Consider, for instance, a case in which the defendant's initial sentencing range under the Guidelines is 130-to-162 months .... Depending upon the particular offense, the sentencing judge may use her discretion to select any sentence within this range, even if her selection relies upon factual determinations beyond the facts found by the jury. If the defendant *119described above also possessed a firearm, the Guidelines would direct the judge to apply a two-level enhancement ..., which would raise the defendant's total offense level from 28 to 30. That, in turn, would raise the defendant's eligible sentencing range to 151-to-188 months.
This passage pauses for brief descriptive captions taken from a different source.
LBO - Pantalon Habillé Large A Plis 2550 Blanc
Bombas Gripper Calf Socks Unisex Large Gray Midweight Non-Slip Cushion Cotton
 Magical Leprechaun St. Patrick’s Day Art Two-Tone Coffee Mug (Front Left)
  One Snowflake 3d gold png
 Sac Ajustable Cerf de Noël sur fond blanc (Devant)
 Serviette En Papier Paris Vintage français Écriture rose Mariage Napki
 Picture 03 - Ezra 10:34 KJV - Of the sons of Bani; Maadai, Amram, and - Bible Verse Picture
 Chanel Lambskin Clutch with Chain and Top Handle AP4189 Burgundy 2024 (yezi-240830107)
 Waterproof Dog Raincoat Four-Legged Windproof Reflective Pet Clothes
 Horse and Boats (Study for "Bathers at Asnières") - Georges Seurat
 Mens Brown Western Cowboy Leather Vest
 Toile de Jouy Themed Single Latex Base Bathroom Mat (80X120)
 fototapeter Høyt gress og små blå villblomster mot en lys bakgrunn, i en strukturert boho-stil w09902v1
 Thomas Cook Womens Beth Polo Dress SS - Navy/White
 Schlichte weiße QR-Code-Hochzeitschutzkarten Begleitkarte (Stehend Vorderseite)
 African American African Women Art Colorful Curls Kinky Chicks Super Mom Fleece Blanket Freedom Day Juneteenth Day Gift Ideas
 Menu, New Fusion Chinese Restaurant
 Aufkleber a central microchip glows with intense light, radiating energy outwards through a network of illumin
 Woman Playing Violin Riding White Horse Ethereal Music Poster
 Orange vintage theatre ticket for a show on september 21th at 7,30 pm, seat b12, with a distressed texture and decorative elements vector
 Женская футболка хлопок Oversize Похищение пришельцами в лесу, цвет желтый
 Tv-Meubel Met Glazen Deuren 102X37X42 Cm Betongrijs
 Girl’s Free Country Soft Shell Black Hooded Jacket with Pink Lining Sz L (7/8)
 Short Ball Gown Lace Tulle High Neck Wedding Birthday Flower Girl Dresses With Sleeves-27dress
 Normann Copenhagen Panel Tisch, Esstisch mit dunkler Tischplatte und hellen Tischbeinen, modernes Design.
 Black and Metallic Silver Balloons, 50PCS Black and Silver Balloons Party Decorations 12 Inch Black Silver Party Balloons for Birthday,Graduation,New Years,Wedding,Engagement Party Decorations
That act of judicial factfinding would comply with the Guidelines and the Sixth Amendment so long as the sentencing judge then selected a sentence between 151-to-162 months — the lower number (151) being the bottom of offense level 30 and the higher number (162) being the maximum sentence under level 28, which is the upper limit of the range supported by the jury findings alone.

Id. at -, 125 S.Ct. at 774.

. During the applicable time period, Federal Rule of Criminal Procedure 32(c)(1) provided in relevant part:

At the sentencing hearing, the court ... must rule on any unresolved objections to the pre-sentence report____For each matter controverted, the court must make either a finding on the allegation or a determination that no finding is necessary because the controverted matter will not be taken into account in, or will not affect, sentencing.

. The Munninger panel asserts that Martinez “rests upon this proposition: Because a single aggravating factor can support an aggravated sentence, an aggravated sentence must be affirmed if a single aggravating factor was properly found, even though other aggravating factors used to increase the sentence were erroneously found." 209 Ariz. at 482, ¶ 24, 104 P.3d at 213 (emphasis added). However, in Martinez, the aggravating factor in the burglary and theft convictions — that the victim died — was implicit in the verdict and, therefore, Blakely-compliant. 209 Ariz. at 284, ¶ 16, 100 P.3d at 34. Accordingly, the trial court's consideration of additional factors pursuant to § 13-702 was not "erroneous.”